France and Italy avert budget clash with Commission, Britain forced to foot extra EU budget bill

France and Italy have managed to sidestep what appeared to be an unavoidable collision with Germany regarding their 2015 budgets. The European Commission decided to accept the French and Italian budgets after both countries agreed to additional fiscal measures to cut their deficits, thus bringing them inline with EU targets.

The move came after the Commission had warned Italy and France that their budget plans would violate its fiscal rules. Both countries have said they will make further savings. Jyrki Katainen, the outgoing Commissioner for Economic and Monetary Affairs, diplomatically welcomed member states’ “constructive feedback” but indicated that the Commission would conclude on the budget plans sometime in November, essentially handing the decision over to the new Commissioner for Economic and Financial Affairs, Pierre Moscovici.

France said it would find €3.7 billion euros in new budget cuts next year, a sum which although short of the 3% deficit target, is closer than before.

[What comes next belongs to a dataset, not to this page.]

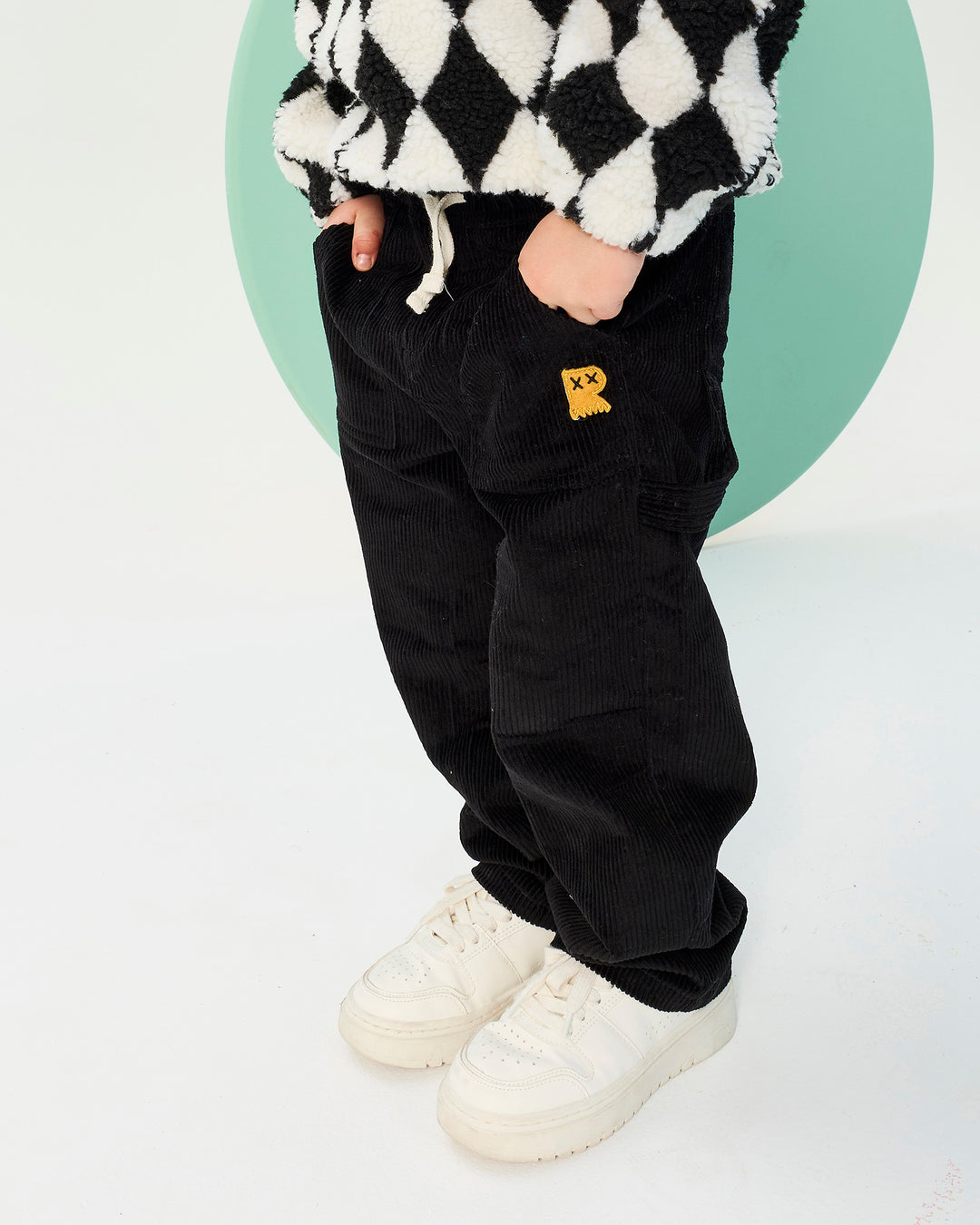 CHUNKY CORD RELAXED PANT IN CHARCOAL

The new plan assumes lower interest on France’s debt, as well as new tax evasion measures.

Italy also announced last-minute budget cuts, saying that it had managed to find €4.5 billion’s worth of new measures. The Italian government’s plan still does not meet the deficit target Brussels has set, but just like France, it too will come closer. The Italian economy minister, Pier Carlo Padoan, said Italy would eliminate €3.3 billion of planned tax cuts, among other fiscal measures.

Meanwhile in the UK, Prime Minister David Cameron repeatedly insisted he would not pay the extra £1.7bn demanded for the EU budget, and vowed to ignore the 1 December deadline, after suddenly being presented with the demand during an EU summit. The volatile exchange came to a contested closure when George Osborne, Chancellor of the Exchequer, made a disputed claim that he had halved the sum owed by factoring in Britain’s budget rebates in Europe.

This was immediately challenged by the European Commission, which clarified that the UK has always enjoyed a system of budgetary rebates, and therefore a discount was always going to be applied. The UK will after all pay the amount owed in two instalments by next September, thus delaying payment several months after the general election in the country. This latest episode has caused further friction between the UK and the EU, and has given ammunition to Mr Cameron’s opponents – both from the left and the right.